Le bon filon des locations saisonnières de luxe

Les agences immobilières haut de gamme ne prospèrent pas seulement avec la vente de biens de prestige. Les locations saisonnières sont une autre partie importante de l’activité, surtout dans les régions très touristiques ou économiquement attractives. Paris, la Côte d’Azur ou encore les Alpes figurent parmi les destinations phares des touristes fortunés. Ce sont aussi les lieux où le nombre d’offres est pléthorique. Dans la région cannoise, le site de Michaël Zingraf Real Estate propose une centaine d’adresses plus prestigieuses les unes que les autres. “Les locations saisonnières ont toujours autant de succès et avec une clientèle très fidèle, explique Gery Todorova, responsable des locations saisonnières sur la région cannoise, de Mandelieu jusqu’au Cap d’Antibes. Les tarifs sont très larges et s’étendent de 10 000 à plus de 250 000 euros la semaine.” À ce tarif, l’agence immobilière ne fait pas que remettre les clefs et assure un grand nombre de services pour ses clients exigeants, qui viennent principalement du Moyen-Orient et de Russie.

Une telle gamme de prix assure ainsi des revenus substantiels à une agence. Dans une fourchette plus modeste, Julien Haussy, président et fondateur du réseau Espaces Atypiques (85 agences en France) a lancé les locations saisonnières récemment pour étoffer l’activité de son réseau. “Nous commençons tout juste en nous concentrant sur la Charente-Maritime, annonce-t-il. Cela démarre très fort, avec de très belles villas qui partent très vite.” L’île de Ré, l’île d’Oléron et la côte charentaise forment un groupe encore restreint d’environ dix biens d’exception. “Nous souhaitons développer cette activité ailleurs en France”, poursuit-il.

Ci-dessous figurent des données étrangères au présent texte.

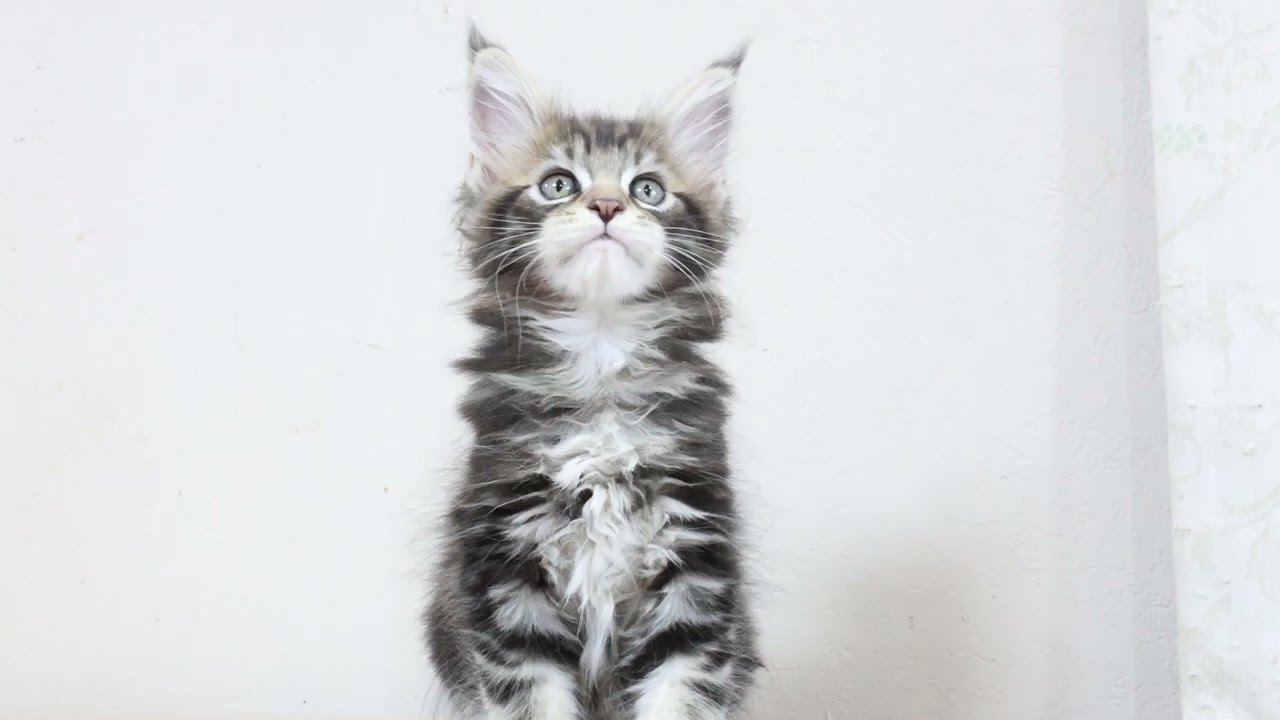 素敵なブラウンのメインクーン子猫浩太君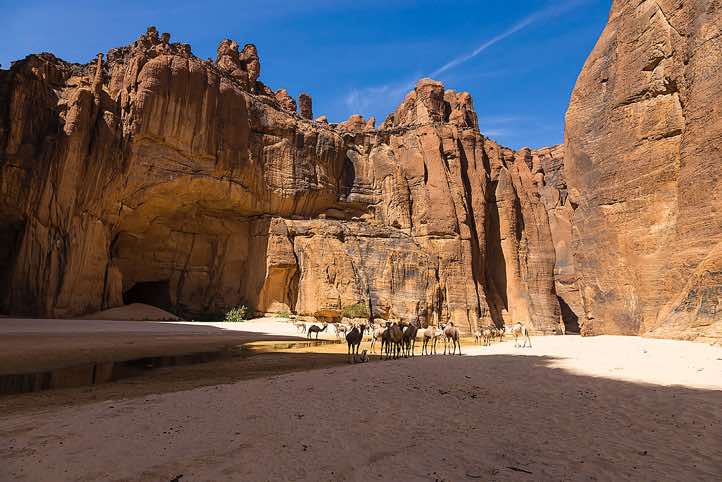 Camels at Guelta d’Archei, Ennedi Mountains, northeastern Chad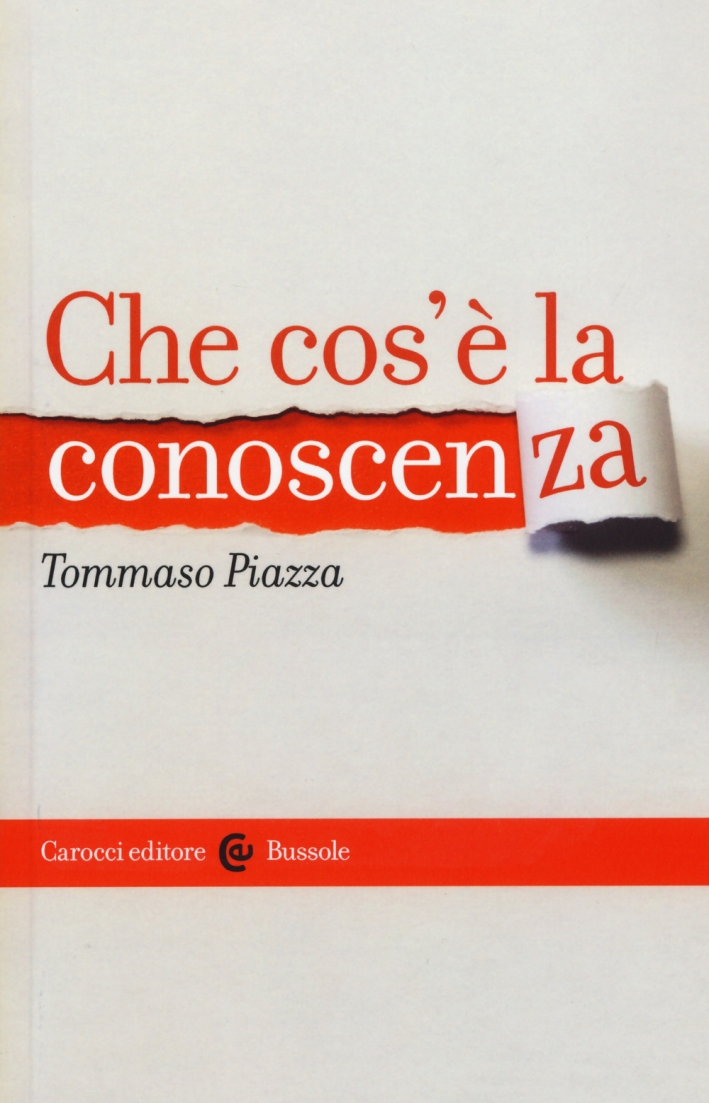 Che cos'è la conoscenza Che cos'è la conoscenza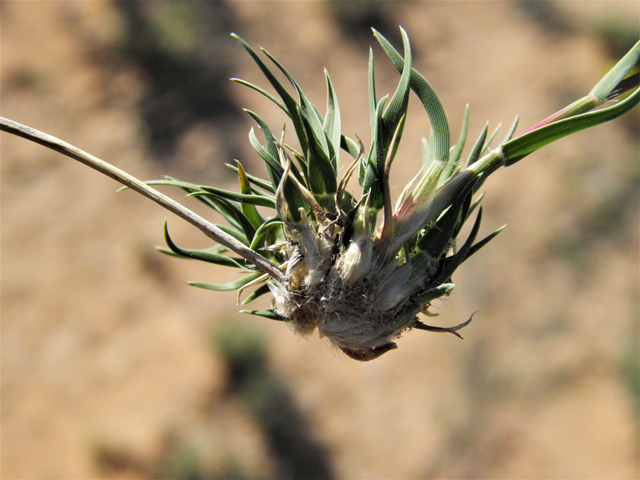 Hilaria belangeri (Curly mesquite grass) #80990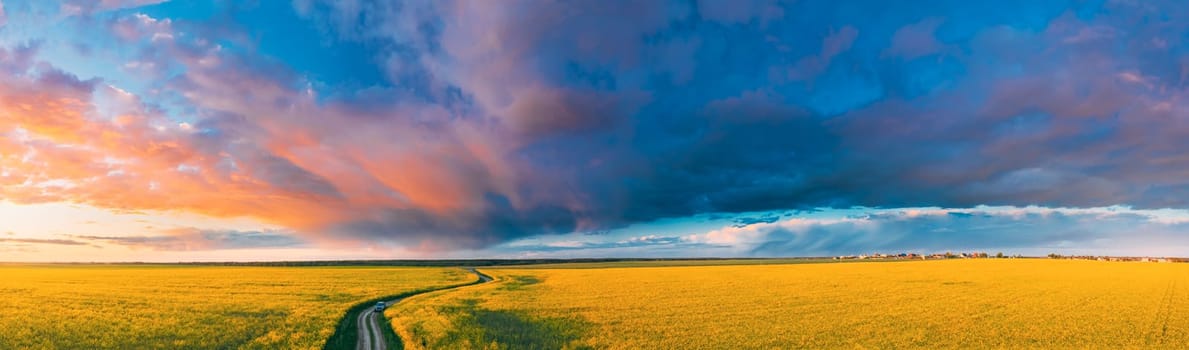 Aerial View Of Car SUV Parked Near Countryside Road In Spring Field Rural Landscape. Flowering Blooming Rapeseed, Oilseed In Field Meadow In Spring Season. Blossom Of Canola Yellow Flowers.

Les locations “éphémères” attirent également de plus en plus les professionnels en quête de lieux d’exception le temps de colloques ou de séminaires, ou encore de tournages ou de shooting.

En juin 2023 :
– Prix moyen d’un bien de prestige : 7 395 €/m2, soit + 7,9 % sur un an.
– Le marché immobilier traditionnel enregistre une hausse de 0,9 % en moyenne.
Source : Meilleurs Agents

7 395 €/m2 : c’est 75 % de plus que la moyenne des prix constatée sur le marché traditionnel (3 175 €/m2).